He called Hayes, who drove over in her pickup and spotted them, surfacing for air, from the shore. She hopped out of her truck and saw the white orca within the pod about 100 yards offshore. She took photos, as she had from the boat.

Hayes, who studies squid in her graduate work at UAF, said the white orca has a condition called leucism, which she defined as a “lack of vibrancy” in its pigmentation. Caused by a mutation in the whale’s DNA, leucism is different from albinism, in which a creature is all white with pink eyes.

With a little research, Hayes and Rogers found that their white whale had been documented by British Columbia researchers.

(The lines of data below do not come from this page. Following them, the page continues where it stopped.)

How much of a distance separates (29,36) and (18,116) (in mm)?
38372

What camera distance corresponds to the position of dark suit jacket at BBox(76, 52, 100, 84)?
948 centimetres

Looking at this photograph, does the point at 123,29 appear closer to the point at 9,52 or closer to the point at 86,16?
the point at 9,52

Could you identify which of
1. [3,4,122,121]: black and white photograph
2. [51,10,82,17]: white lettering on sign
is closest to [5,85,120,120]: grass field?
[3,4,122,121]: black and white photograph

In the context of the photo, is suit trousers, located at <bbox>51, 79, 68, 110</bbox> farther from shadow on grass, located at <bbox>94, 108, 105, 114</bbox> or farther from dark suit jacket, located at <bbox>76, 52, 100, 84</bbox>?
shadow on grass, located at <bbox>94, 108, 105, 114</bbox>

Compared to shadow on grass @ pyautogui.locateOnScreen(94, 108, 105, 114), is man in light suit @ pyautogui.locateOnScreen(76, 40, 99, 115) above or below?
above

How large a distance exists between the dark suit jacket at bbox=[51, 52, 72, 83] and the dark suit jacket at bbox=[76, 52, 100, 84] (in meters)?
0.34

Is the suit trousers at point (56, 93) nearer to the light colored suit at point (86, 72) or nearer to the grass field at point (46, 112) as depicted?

Tl’uk — a word for moon in the language of the Salish peoples of the Pacific Northwest — is a 2-year-old male orca that has not yet left his family group. When he soon does (after other group members kick it out, as a mother moose rejects a full-grown calf), its glow might be a disadvantage, perhaps alerting seals of its approach.

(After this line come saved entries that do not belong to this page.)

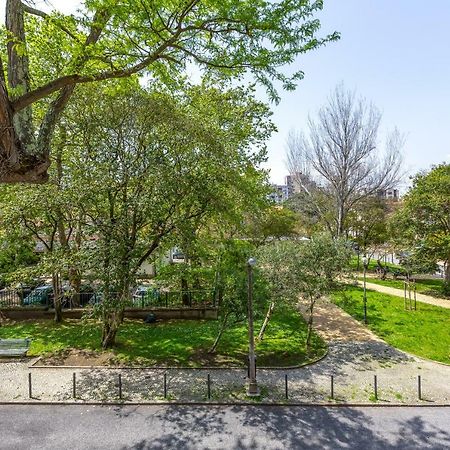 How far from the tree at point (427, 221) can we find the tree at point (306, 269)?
1322cm

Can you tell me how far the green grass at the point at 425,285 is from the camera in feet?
81.7

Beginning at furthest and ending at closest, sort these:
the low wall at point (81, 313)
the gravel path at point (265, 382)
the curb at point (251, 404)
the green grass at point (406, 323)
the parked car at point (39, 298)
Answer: the parked car at point (39, 298) < the low wall at point (81, 313) < the green grass at point (406, 323) < the gravel path at point (265, 382) < the curb at point (251, 404)

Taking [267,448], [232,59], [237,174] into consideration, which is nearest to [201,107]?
[237,174]

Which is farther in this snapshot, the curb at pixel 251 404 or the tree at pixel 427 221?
the tree at pixel 427 221

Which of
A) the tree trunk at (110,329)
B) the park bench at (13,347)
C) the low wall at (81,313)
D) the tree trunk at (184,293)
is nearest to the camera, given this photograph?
the park bench at (13,347)

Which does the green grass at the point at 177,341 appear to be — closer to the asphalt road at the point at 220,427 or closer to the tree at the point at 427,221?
the asphalt road at the point at 220,427

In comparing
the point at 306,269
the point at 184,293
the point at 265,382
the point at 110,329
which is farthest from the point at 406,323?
the point at 110,329

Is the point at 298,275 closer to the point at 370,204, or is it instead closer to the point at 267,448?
the point at 267,448

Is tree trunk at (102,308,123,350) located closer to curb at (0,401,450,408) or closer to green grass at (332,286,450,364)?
curb at (0,401,450,408)

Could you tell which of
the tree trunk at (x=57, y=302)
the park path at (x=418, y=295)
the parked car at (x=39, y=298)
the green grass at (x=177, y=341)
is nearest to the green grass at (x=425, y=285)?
the park path at (x=418, y=295)

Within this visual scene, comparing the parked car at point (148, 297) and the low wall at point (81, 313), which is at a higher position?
the parked car at point (148, 297)

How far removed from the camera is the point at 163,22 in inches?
298

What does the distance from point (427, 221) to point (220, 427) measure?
21936mm

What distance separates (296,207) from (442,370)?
2570cm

“A new pod might not accept it after it reaches sexual maturity,” Hayes said.

Though scientists are not sure what causes leucism, Hayes said, some have speculated that inbreeding can cause higher rates of the mutation.

As for Tl’uk, Hayes said the orca probably hunted seals in LeConte Fjord near Petersburg after she last saw it. Now it may be long gone. The white orca belongs to a family group with an incredible range — people have seen this pod as far south as Oregon and as far north as Haines.

Hayes feels lucky that COVID-19 interrupted her squid fieldwork this summer, allowing her to work out of Petersburg.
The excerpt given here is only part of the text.